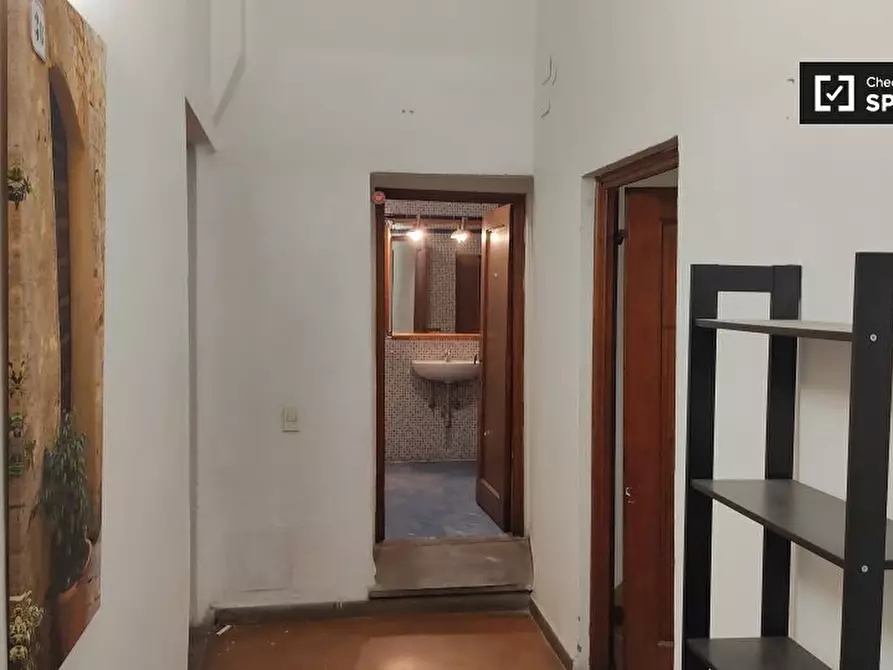 Immagine 13 di Camera condivisa in affitto  in Borgo Ognissanti a Firenze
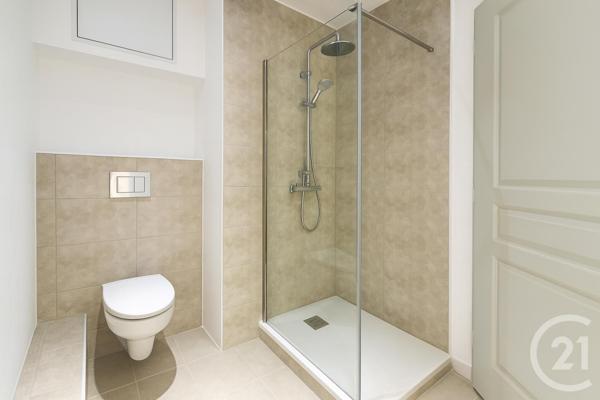 Appartement T3 à vendre  3 pièces - 42,54 m2 LES ABRETS EN DAUPHINE - 38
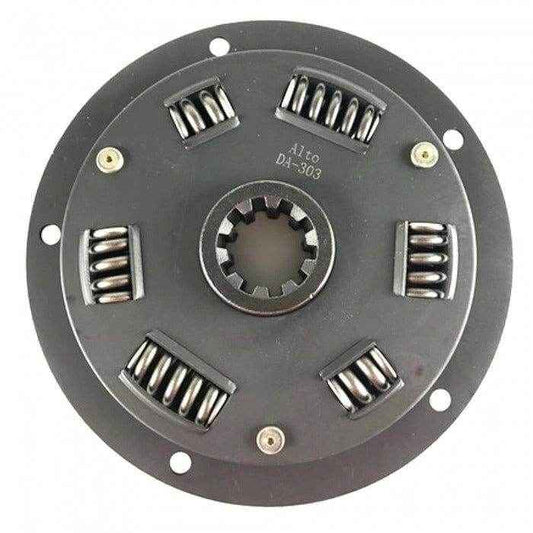 Flywheel Damper Plate | Alto DA-303 - MacombMarineParts.com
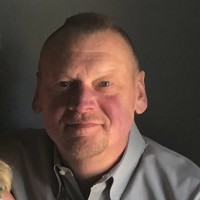 Tim Daker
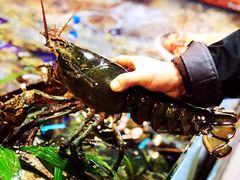 -79号渔船海鲜饭店(华强北店)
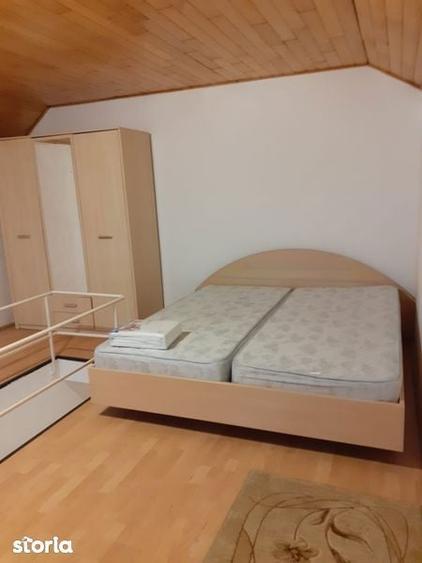 Proprietar inchiriez apartament pe Calea Martirilor - 7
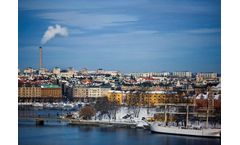 Fortum - District Cooling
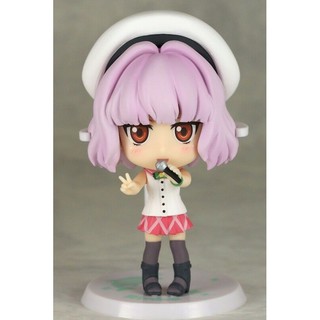 Banpresto Ichiban Kuji Natsuiro Kiseki D-Prize Kyun Chara Rinko Tamaki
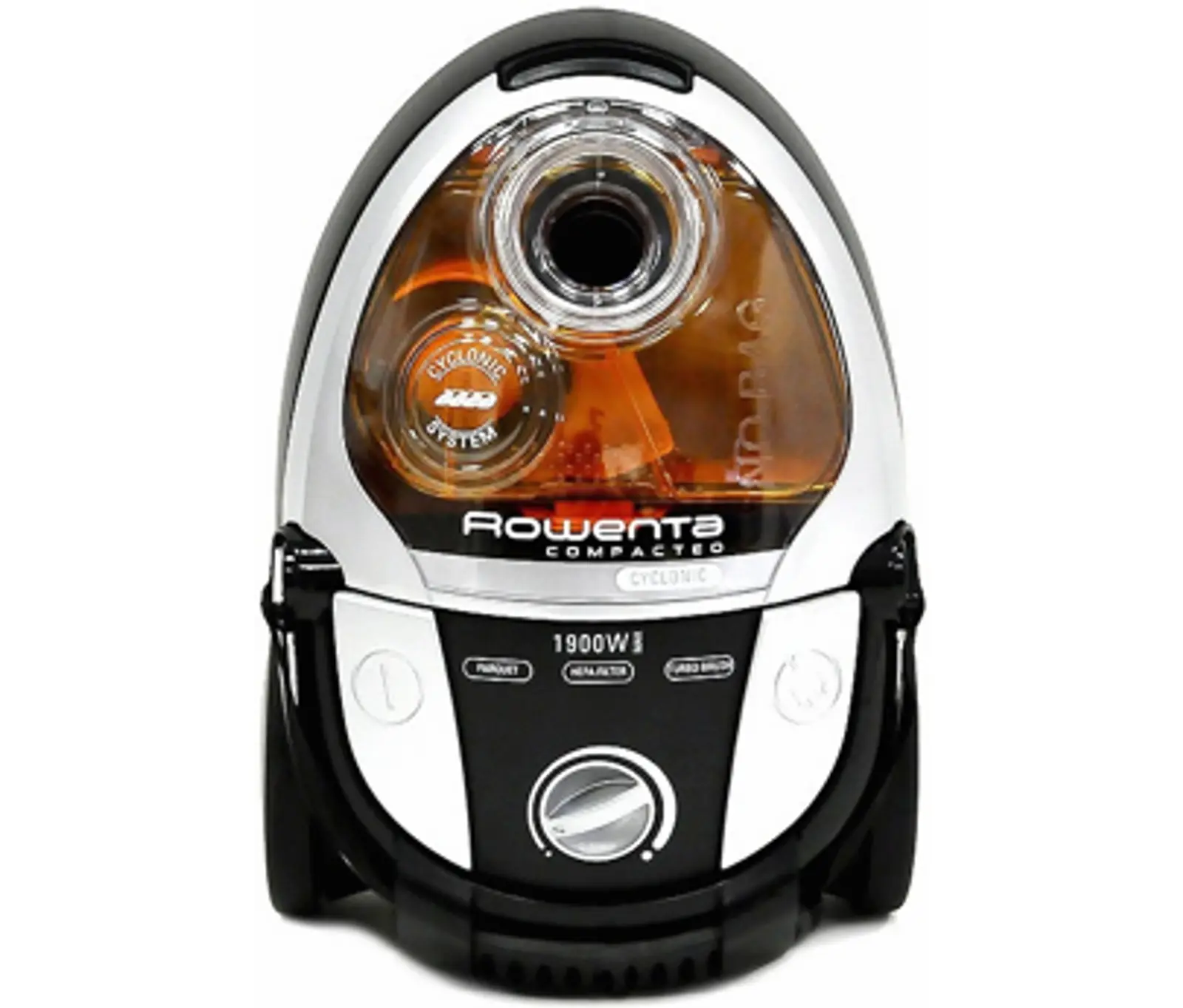 Ersatzteile und Zubehör Staubsauger Rowenta Compacteo Cyclonic - RO348601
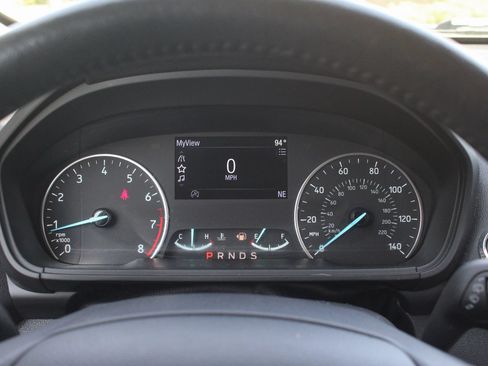 Used 2019 Ford EcoSport SE AWD/4WD image 15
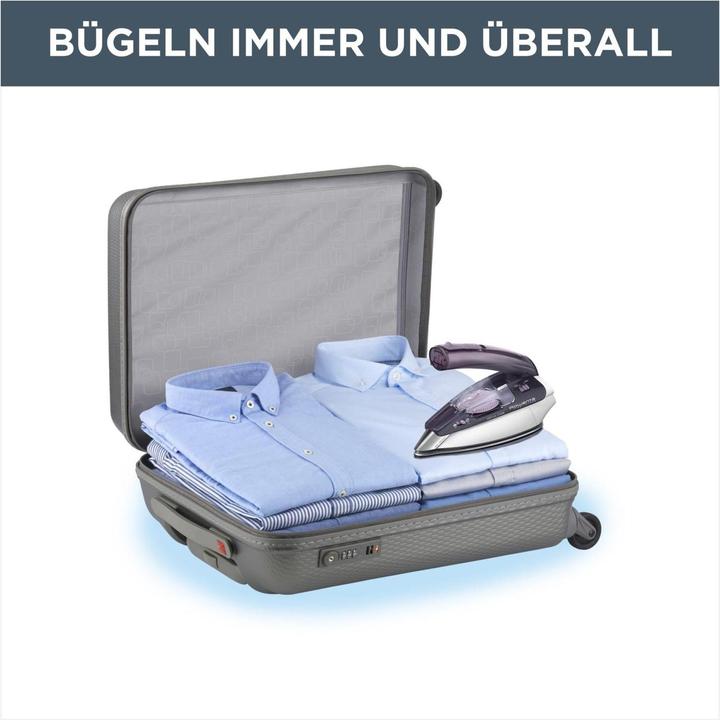 Immagine prodotto Rowenta Prima classe DA1510 (1000 W, 45 g/min)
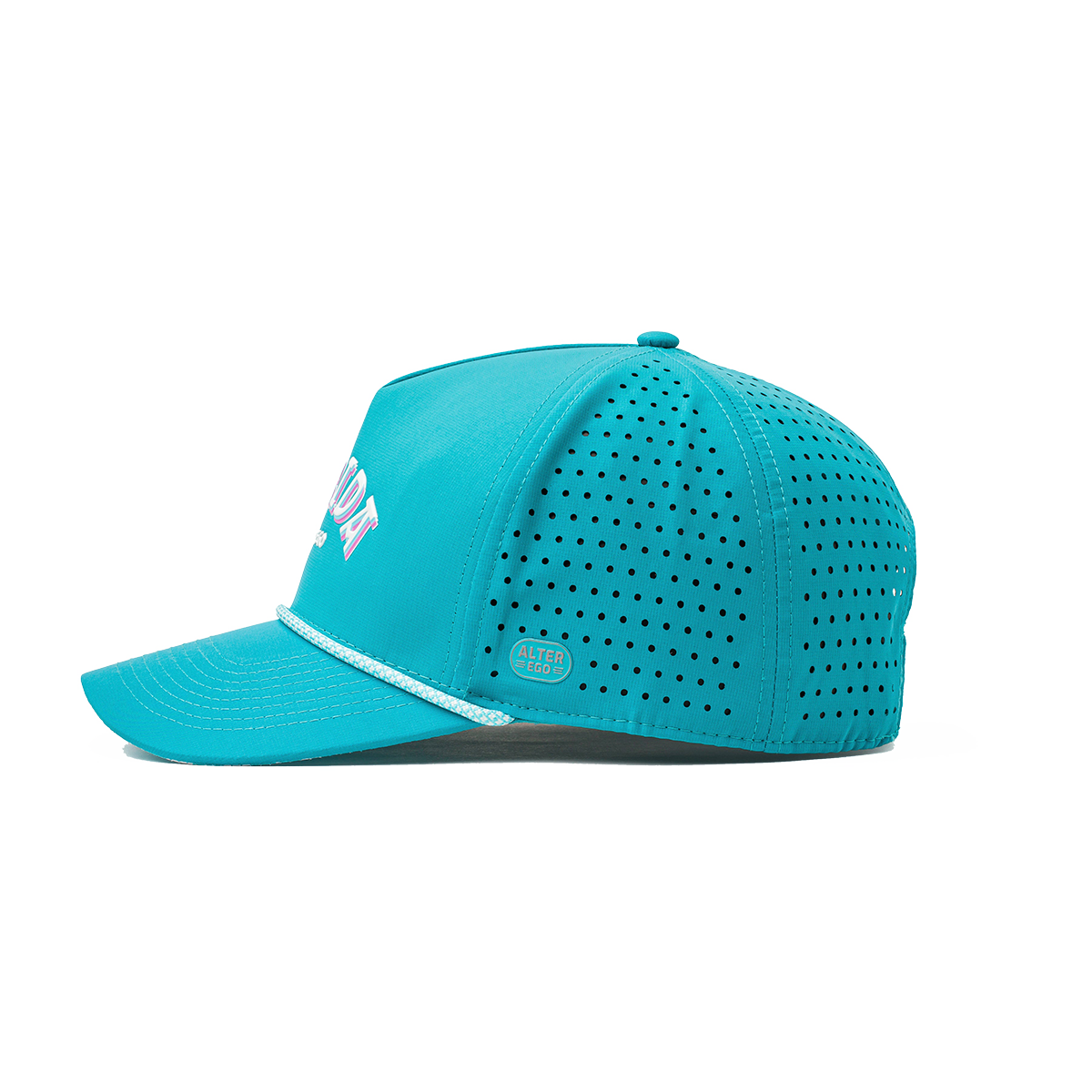 Alter Ego Coaster Splash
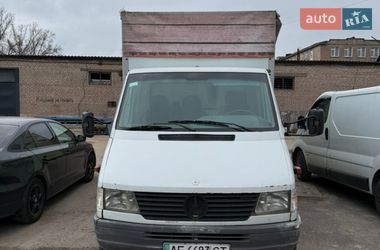 Грузовой фургон Mercedes-Benz Sprinter 1999 в Кривом Роге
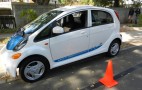 2012 Mitsubishi 'i': Taking The Electric Car On The Road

**Work to be completed**. Every line from the one containing "-79号渔船海鲜饭店(华强北店)" through the end of the entries above, both included, should be extracted exactly, with pictures left out.

**Reply to the exercise**.
 -79号渔船海鲜饭店(华强北店)
 Proprietar inchiriez apartament pe Calea Martirilor - 7
 Fortum - District Cooling
 Banpresto Ichiban Kuji Natsuiro Kiseki D-Prize Kyun Chara Rinko Tamaki
 Ersatzteile und Zubehör Staubsauger Rowenta Compacteo Cyclonic - RO348601
 Used 2019 Ford EcoSport SE AWD/4WD image 15
 Immagine prodotto Rowenta Prima classe DA1510 (1000 W, 45 g/min)
 Alter Ego Coaster Splash
 Грузовой фургон Mercedes-Benz Sprinter 1999 в Кривом Роге
 2012 Mitsubishi 'i': Taking The Electric Car On The Road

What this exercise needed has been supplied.